**WHAT NEEDS TO BE DONE**
Nothing but the records themselves, exactly as written, should appear in the reply; leave out the pictures.

(Stored dataset items)
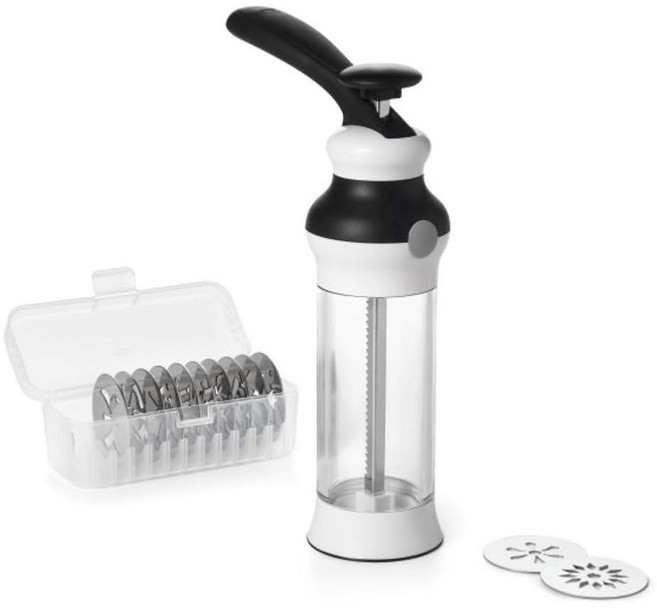 옥소 굿 그립 14피스 쿠키 프레스 세트, 1) 쿠키 프레스, 1) 쿠키 프레스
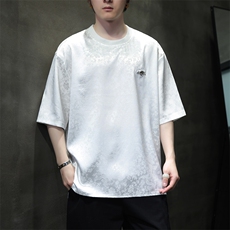 新中式风潮圆领T恤短袖民族服饰刺绣汉服时尚唐装T2419-P38，男装T恤，电商A227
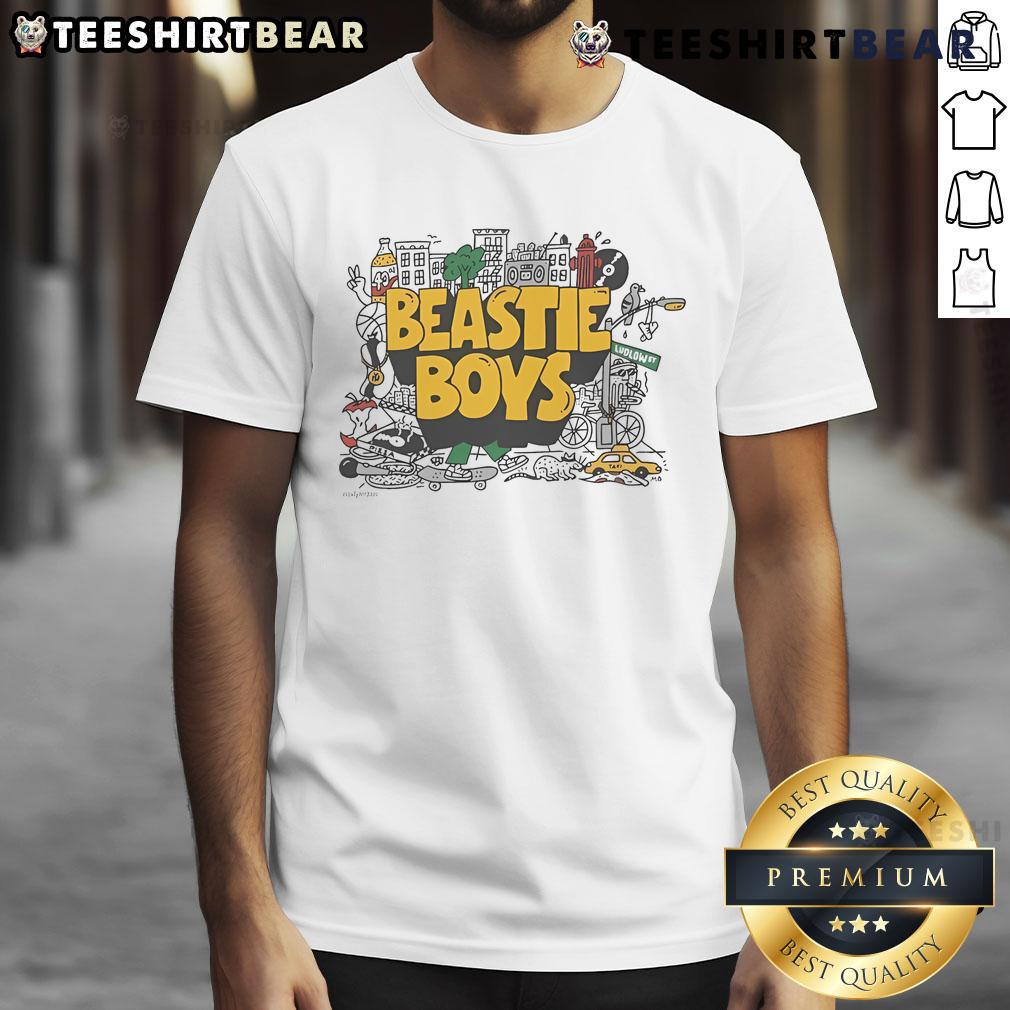 Collage T-Shirt featuring Nice Only NY and Beastie Boys graphics in a vibrant design, perfect for music fans.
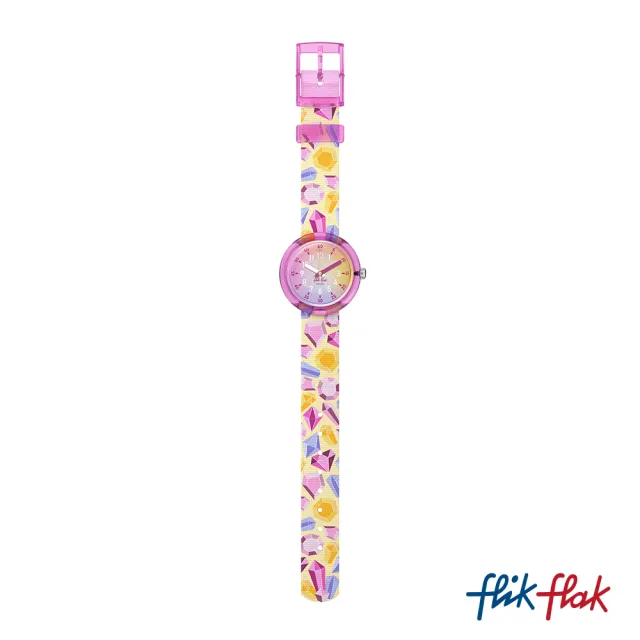 【Flik Flak】兒童手錶 挖寶 SPARKLING GEMSTONES 瑞士錶 兒童錶 手錶 編織錶帶(31.85mm)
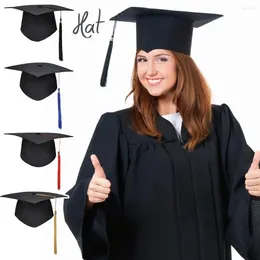 Berets Black Adult Bachelor Caps Graduation Hat For Student 2024 Congratulation Party Decorations J9G9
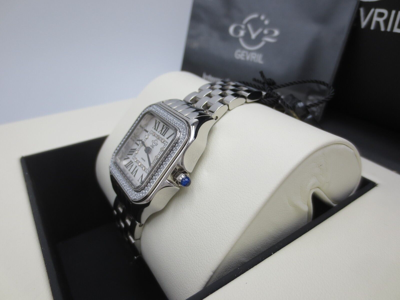 Pre-owned Gv2 By Gevril Women's 12110 Milan Swiss Quartz Stainless Steel Diamond Watch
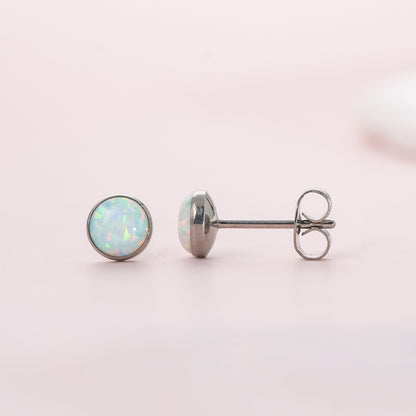 Limerencia Ohrringe aus reinem Titan, hypoallergen | Opal-Ohrstecker | Minimalistisch, Implantatqualität | Für empfindliche Ohren, filigraner Schmuck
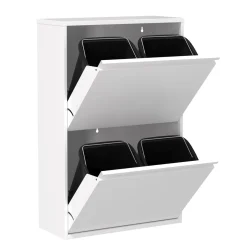 Abfalleimer Metall 4 Fächer 68L weiss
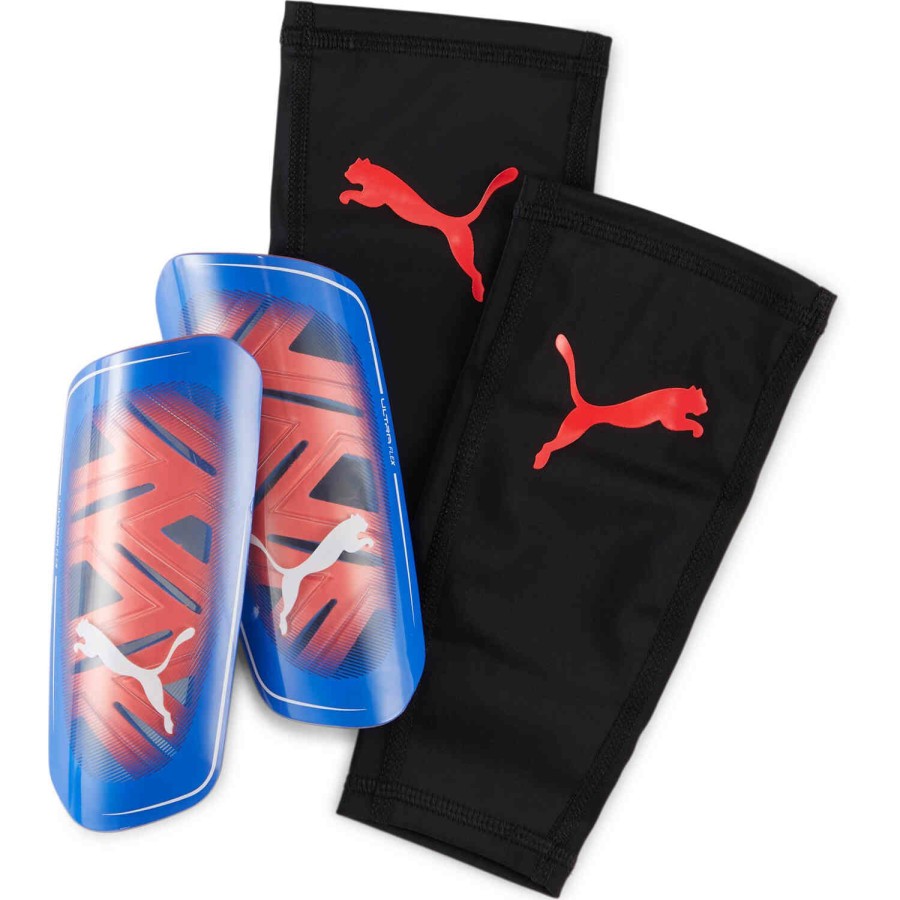 Soccer Equipment * | Puma Ultra Flex Shin Guards Bluemazing & Sunblaze With White Soccer Equipment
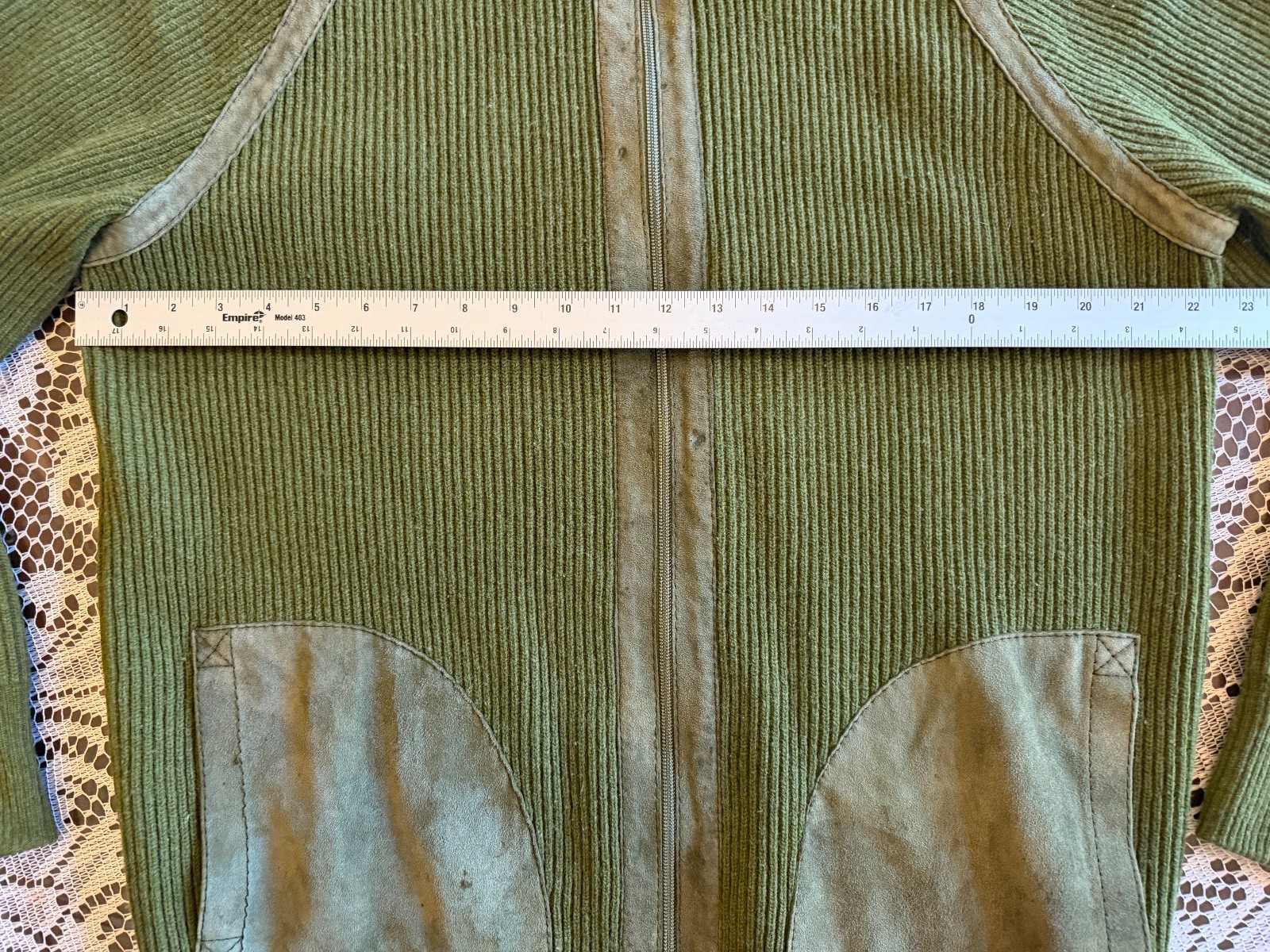 Vintage BALLY International Olive Green 100% Wool Suede Patch Cardigan Sweater L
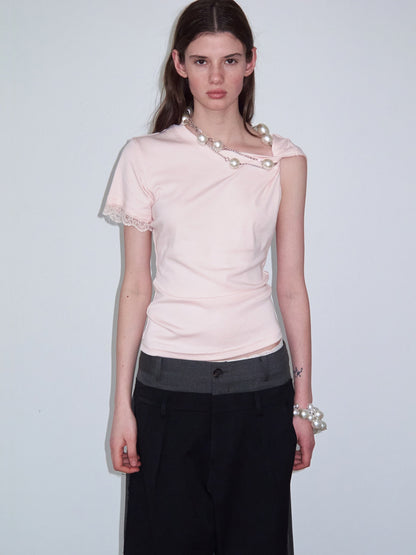 Delivery_Asymmetrical_Off_Shoulder_Knot_Lace_Trim_Women&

**FINISHED TASK**
 옥소 굿 그립 14피스 쿠키 프레스 세트, 1) 쿠키 프레스, 1) 쿠키 프레스
 新中式风潮圆领T恤短袖民族服饰刺绣汉服时尚唐装T2419-P38，男装T恤，电商A227
 Collage T-Shirt featuring Nice Only NY and Beastie Boys graphics in a vibrant design, perfect for music fans.
 【Flik Flak】兒童手錶 挖寶 SPARKLING GEMSTONES 瑞士錶 兒童錶 手錶 編織錶帶(31.85mm)
 Berets Black Adult Bachelor Caps Graduation Hat For Student 2024 Congratulation Party Decorations J9G9
 Pre-owned Gv2 By Gevril Women's 12110 Milan Swiss Quartz Stainless Steel Diamond Watch
 Limerencia Ohrringe aus reinem Titan, hypoallergen | Opal-Ohrstecker | Minimalistisch, Implantatqualität | Für empfindliche Ohren, filigraner Schmuck
 Abfalleimer Metall 4 Fächer 68L weiss
 Soccer Equipment * | Puma Ultra Flex Shin Guards Bluemazing & Sunblaze With White Soccer Equipment
 Vintage BALLY International Olive Green 100% Wool Suede Patch Cardigan Sweater L
 Delivery_Asymmetrical_Off_Shoulder_Knot_Lace_Trim_Women&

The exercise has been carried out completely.